C'était mon premier passage au Colisée, que j'aperçois régulièrement de l'autobus sur le chemin d'Ottawa. Il fait très sombre à l'intérieur et on songe immanquablement à la comparaison classique entre la visite d'une salle obscure pour admirer des images en mouvement et la caverne de la préhistoire que nos aïeux visitaient pour succomber à la fascination des fresques pariétales, presque animées par les lueurs mouvantes des torches et lampes à huile.

N’y a-t-il pas un charme supplémentaire à l’expérience cinématographique quand elle a lieu dans un lieu écarté? quand on sait que la forêt toute proche abrite de nombreuses bêtes qui ont dû fuir le reste de l’île, dont les rivières et les lacs précolombiens ont presque entièrement disparu depuis le XIXe siècle?

Le peuplement a grignoté d’abord le pourtour de l’île, au sud comme au nord. Même un parc comme celui de l’Île-de-la-Visitation est faussement sauvage, car il cache de nombreux vestiges bâtis, en plus de faire partie intégrante d’une infrastructure hydroélectrique. Néanmoins, quelques animaux y élisent domicile. J’y ai photographié le 21 juillet dernier ce bihoreau gris (ci-contre) qui prenait ses aises dans les ruines des anciens moulins du Sault-au-Récollet. Les sentiers du parc aboutissent toutefois à un déversoir (ci-dessous) — ou évacuateur de crue — qui permet de contrôler le niveau de la retenue du barrage moderne jeté en travers de la rivière des Prairies. Cette centrale de 48 MW date de 1929, mais elle est loin d'être la plus ancienne des structures qui ceinturent l'île. Les ports successifs, depuis l'humble rade du Régime français jusqu'au grand port commercial actuel, sans oublier toutes les marinas, ont grugé une part grandissante du littoral au fil des ans. Ensuite, il y a eu les canaux, en particulier celui de Lachine, puis les ponts, ferroviaires ou routiers, puis les débouchés des égouts ou les prises d'eau pour les aqueducs... Petit à petit, toutes les berges ou presque ont été occupées par des maisons, des hangars et entrepôts, des silos, des commerces, des parcs, des condos... De nos jours, un piéton vivant au centre-ville aura du mal à rejoindre un pan de berge naturelle.J’y pensais en m’arrêtant à Sainte-Anne-de-Bellevue, patrie temporaire au XVIIIe s. de mes ancêtres Chevrier et Charlebois qui s’établirent ensuite sur la terre ferme, de Vaudreuil à Rigaud. Après un souper hâtif, il était encore temps d’admirer les digues, les viaducs et les écluses qui donnent sur le lac des Deux-Montagnes. Plus tard, en longeant le Saint-Laurent de l'embouchure du canal de Lachine jusqu'aux rapides que le canal contournait, on pouvait évoquer toutes les conséquences de ces rapides qui ont fait de Ville-Marie le terminus de la navigation océanique, forçant le creusement du canal et dictant le tracé du premier chemin de fer canadien qui aboutissait en face des rapides.

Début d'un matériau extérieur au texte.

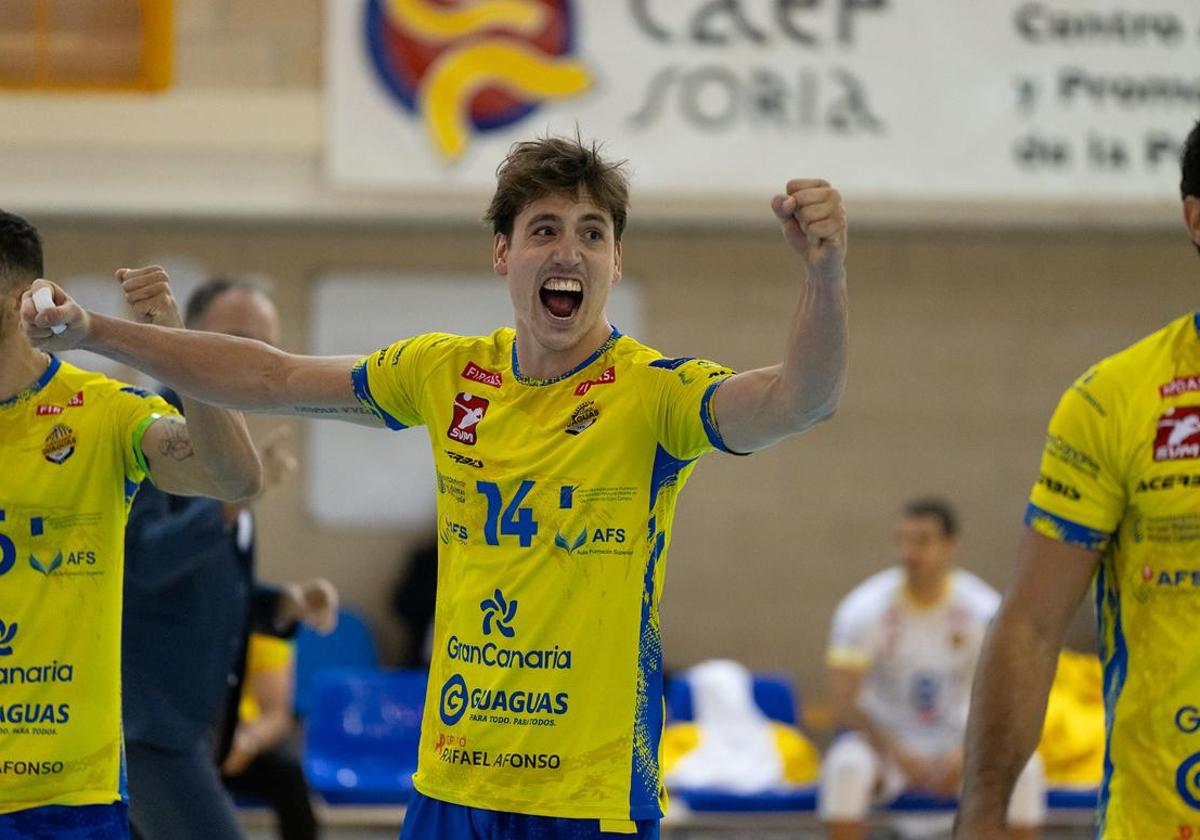 Tomas Rousseaux celebra un punto durante un encuentro de la presente campaña.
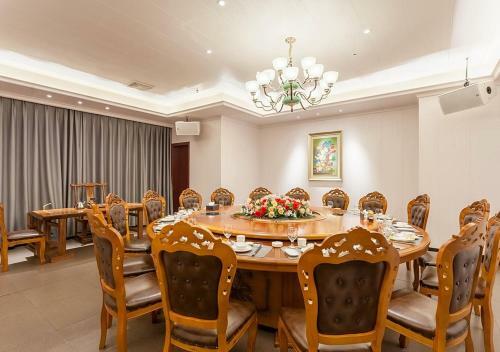 Fuqing Golden Eagle Days Hotel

Mais si les exigences du commerce fluvial, l'attrait des propriétés au bord de l'eau et les besoins en électricité ont entraîné le développement des berges avant d'affecter l'intérieur de l'île , c'est aujourd'hui l'étalement urbain qui pourrait renouveler le sursis dont les boisés loin des berges ont bénéficié. Cela peut sembler paradoxal, mais cet étalement urbain qui empiète sur les champs et les bois des basses terres laurentiennes est si pressé qu'il sauve un peu l'île de Montréal en réduisant la pression exercée sur les dernières terres sauvages de l'île. Si on ne peut pas lutter contre cette tendance, espérons qu'on en profitera pour sauver le plus possible de l'environnement de l'archipel.